**Provided data**
....

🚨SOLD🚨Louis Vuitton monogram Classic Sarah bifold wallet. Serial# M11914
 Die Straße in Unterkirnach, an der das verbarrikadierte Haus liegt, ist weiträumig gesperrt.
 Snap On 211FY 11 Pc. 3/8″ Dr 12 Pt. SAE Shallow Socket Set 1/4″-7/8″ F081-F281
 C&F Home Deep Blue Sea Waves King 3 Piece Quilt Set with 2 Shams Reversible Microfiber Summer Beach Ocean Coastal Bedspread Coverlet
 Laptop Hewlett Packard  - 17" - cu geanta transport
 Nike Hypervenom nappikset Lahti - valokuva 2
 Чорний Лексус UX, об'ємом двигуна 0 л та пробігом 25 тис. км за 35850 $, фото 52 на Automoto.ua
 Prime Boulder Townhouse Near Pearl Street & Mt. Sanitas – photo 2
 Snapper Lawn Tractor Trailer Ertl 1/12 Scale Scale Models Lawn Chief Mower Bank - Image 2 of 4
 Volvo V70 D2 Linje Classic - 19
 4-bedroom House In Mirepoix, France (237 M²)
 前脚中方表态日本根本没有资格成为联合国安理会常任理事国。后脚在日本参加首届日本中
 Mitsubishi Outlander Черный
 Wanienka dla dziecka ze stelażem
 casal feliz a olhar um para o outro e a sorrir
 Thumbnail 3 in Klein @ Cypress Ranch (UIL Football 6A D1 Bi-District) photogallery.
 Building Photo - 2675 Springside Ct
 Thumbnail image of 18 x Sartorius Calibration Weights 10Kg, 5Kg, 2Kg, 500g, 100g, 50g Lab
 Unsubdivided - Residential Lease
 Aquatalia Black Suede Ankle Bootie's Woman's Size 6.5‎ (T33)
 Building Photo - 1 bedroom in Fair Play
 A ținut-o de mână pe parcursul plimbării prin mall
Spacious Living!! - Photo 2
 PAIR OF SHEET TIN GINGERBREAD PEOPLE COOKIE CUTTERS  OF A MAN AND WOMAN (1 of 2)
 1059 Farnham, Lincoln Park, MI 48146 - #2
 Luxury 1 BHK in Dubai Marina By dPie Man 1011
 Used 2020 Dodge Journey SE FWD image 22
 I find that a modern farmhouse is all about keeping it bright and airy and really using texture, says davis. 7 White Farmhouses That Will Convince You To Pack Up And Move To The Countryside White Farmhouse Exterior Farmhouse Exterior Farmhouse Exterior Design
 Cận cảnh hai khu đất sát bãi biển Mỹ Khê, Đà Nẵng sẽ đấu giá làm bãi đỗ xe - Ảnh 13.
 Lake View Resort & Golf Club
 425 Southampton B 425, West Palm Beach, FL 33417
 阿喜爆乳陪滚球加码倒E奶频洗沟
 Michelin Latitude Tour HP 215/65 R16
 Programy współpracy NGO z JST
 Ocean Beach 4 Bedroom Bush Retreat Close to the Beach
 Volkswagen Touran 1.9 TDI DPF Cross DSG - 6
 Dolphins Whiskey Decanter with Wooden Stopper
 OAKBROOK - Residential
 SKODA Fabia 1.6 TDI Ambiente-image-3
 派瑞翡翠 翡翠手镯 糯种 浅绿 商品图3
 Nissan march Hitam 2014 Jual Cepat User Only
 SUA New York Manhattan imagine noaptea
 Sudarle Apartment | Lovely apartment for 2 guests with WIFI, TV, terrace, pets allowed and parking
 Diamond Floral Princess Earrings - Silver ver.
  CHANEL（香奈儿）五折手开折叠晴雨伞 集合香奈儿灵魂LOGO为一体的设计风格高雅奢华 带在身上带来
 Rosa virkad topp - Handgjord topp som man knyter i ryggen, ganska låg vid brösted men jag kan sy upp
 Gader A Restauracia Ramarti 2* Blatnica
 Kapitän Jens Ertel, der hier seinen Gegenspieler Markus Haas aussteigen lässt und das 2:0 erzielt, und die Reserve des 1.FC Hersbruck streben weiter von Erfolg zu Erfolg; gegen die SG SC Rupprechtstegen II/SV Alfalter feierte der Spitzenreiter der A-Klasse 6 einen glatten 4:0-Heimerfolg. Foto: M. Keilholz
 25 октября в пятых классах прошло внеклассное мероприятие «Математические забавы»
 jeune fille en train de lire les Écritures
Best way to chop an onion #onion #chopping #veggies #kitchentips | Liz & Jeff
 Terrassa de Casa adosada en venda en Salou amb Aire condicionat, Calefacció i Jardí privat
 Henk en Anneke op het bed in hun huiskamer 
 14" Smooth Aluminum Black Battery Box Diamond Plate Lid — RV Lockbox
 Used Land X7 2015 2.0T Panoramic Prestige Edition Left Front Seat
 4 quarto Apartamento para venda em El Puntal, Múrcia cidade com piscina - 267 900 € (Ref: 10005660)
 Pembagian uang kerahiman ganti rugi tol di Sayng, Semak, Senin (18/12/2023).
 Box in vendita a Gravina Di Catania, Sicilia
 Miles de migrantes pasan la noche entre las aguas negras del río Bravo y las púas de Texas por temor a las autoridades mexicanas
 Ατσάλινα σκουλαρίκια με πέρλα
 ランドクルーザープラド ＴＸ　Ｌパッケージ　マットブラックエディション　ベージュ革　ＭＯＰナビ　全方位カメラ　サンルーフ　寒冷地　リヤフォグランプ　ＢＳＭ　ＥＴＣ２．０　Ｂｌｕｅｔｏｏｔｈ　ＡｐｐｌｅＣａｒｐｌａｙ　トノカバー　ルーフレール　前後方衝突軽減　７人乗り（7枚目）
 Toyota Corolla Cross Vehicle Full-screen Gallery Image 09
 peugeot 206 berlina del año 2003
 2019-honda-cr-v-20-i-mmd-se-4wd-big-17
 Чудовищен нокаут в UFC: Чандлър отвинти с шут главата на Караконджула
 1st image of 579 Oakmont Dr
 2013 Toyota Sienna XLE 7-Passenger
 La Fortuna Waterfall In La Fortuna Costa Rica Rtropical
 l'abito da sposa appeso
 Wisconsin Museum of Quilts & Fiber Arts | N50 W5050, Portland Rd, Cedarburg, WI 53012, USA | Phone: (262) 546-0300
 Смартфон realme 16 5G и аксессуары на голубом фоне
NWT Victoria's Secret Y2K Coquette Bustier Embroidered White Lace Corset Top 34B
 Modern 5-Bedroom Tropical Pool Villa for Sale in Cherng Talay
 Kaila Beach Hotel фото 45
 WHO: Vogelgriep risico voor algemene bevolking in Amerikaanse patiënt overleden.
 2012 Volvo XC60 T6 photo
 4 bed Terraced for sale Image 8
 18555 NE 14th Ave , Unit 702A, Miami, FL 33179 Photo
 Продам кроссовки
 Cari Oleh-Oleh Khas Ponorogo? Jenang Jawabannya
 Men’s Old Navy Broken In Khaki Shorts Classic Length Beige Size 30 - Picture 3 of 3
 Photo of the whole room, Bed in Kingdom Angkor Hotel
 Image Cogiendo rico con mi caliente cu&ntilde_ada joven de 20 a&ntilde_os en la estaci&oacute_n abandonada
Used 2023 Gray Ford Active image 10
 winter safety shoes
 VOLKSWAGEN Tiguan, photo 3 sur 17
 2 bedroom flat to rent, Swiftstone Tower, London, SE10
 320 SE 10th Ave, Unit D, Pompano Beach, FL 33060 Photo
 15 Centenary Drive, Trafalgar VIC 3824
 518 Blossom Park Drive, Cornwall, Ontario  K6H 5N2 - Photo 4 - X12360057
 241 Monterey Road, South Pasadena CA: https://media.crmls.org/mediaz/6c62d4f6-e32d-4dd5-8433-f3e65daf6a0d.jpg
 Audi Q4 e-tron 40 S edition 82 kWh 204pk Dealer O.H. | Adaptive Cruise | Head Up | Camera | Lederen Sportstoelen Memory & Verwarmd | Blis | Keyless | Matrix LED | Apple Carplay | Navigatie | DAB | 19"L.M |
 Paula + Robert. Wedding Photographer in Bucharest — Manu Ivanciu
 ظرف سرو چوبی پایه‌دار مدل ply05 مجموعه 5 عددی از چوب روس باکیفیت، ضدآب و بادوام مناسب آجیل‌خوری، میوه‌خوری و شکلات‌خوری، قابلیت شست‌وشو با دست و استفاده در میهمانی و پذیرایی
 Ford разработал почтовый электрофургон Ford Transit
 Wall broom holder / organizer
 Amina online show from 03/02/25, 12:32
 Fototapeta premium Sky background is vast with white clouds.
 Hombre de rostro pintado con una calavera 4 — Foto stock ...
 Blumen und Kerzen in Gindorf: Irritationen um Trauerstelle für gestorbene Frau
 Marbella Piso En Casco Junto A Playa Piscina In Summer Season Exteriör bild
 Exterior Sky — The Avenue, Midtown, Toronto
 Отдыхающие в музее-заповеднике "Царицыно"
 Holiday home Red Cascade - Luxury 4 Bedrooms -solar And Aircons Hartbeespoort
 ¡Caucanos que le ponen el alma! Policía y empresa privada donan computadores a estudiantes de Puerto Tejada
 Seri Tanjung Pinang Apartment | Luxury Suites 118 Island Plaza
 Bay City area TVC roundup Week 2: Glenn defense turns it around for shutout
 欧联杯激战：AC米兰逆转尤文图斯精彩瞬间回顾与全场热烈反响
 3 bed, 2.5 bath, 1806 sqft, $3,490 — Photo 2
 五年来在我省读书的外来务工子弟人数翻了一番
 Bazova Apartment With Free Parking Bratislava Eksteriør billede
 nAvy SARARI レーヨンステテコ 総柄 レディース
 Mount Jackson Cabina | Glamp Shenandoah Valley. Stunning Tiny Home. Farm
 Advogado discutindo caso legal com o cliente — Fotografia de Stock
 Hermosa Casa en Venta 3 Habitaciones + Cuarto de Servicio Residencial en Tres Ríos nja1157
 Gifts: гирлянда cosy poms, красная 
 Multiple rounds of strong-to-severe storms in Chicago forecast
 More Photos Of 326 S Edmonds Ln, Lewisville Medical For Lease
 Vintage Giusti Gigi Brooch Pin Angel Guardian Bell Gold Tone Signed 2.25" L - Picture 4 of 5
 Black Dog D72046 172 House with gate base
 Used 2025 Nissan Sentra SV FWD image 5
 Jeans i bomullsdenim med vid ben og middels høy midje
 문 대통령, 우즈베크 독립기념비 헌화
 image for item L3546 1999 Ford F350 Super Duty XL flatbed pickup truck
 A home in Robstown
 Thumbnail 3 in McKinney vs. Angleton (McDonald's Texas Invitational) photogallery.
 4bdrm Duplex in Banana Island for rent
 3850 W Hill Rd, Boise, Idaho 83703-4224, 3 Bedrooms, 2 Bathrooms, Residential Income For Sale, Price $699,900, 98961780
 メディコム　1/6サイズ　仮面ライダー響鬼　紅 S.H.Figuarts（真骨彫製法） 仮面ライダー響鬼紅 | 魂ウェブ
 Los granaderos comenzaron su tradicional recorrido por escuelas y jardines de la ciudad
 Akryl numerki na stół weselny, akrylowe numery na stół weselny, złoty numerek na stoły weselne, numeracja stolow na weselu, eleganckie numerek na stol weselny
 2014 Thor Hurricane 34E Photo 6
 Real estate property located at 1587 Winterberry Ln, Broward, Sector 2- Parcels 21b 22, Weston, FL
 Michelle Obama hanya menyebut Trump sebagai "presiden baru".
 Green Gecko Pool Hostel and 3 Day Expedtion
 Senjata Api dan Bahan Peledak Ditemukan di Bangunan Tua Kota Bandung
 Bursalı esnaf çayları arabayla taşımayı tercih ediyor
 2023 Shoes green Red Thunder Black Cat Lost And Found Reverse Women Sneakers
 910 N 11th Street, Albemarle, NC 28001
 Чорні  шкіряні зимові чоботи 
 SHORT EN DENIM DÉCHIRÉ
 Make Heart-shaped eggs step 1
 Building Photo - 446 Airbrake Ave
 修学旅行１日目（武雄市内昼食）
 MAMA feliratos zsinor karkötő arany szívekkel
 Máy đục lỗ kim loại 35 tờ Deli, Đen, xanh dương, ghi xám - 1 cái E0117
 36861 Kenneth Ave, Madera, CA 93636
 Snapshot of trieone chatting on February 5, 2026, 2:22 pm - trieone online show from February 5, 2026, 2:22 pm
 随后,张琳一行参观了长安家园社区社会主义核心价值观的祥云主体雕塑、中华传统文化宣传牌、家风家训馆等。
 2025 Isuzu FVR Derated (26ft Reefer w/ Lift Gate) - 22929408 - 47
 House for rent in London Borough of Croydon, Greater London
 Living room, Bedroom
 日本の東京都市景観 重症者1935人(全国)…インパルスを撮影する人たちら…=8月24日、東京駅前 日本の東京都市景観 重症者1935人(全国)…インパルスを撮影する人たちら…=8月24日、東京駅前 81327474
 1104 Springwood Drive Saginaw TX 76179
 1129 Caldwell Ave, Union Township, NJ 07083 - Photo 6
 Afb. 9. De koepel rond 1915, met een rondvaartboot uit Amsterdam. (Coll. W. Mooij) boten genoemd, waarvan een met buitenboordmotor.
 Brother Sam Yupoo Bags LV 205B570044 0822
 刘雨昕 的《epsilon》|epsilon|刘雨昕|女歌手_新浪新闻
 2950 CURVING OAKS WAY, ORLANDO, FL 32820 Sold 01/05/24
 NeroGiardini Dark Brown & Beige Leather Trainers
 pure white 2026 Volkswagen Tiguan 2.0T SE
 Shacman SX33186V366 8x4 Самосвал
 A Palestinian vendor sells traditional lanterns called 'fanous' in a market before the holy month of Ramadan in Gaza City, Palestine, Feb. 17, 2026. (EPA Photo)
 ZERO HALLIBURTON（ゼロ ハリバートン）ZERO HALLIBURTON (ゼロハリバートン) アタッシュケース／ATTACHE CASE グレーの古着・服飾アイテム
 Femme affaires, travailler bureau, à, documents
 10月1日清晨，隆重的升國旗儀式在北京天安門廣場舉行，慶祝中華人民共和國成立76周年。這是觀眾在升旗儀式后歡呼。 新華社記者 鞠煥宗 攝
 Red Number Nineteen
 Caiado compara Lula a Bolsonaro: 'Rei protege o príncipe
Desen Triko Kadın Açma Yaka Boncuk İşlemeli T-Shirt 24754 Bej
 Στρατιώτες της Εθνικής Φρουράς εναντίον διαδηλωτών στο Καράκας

....

**About this task**
Reproduce, word for word and in full, only the lines above that start at the line with "Exterior Sky — The Avenue, Midtown, Toronto" and run through the line with "More Photos Of", both ends included.

**Answer to the problem**
 Exterior Sky — The Avenue, Midtown, Toronto
 Отдыхающие в музее-заповеднике "Царицыно"
 Holiday home Red Cascade - Luxury 4 Bedrooms -solar And Aircons Hartbeespoort
 ¡Caucanos que le ponen el alma! Policía y empresa privada donan computadores a estudiantes de Puerto Tejada
 Seri Tanjung Pinang Apartment | Luxury Suites 118 Island Plaza
 Bay City area TVC roundup Week 2: Glenn defense turns it around for shutout
 欧联杯激战：AC米兰逆转尤文图斯精彩瞬间回顾与全场热烈反响
 3 bed, 2.5 bath, 1806 sqft, $3,490 — Photo 2
 五年来在我省读书的外来务工子弟人数翻了一番
 Bazova Apartment With Free Parking Bratislava Eksteriør billede
 nAvy SARARI レーヨンステテコ 総柄 レディース
 Mount Jackson Cabina | Glamp Shenandoah Valley. Stunning Tiny Home. Farm
 Advogado discutindo caso legal com o cliente — Fotografia de Stock
 Hermosa Casa en Venta 3 Habitaciones + Cuarto de Servicio Residencial en Tres Ríos nja1157
 Gifts: гирлянда cosy poms, красная 
 Multiple rounds of strong-to-severe storms in Chicago forecast
 More Photos Of 326 S Edmonds Ln, Lewisville Medical For Lease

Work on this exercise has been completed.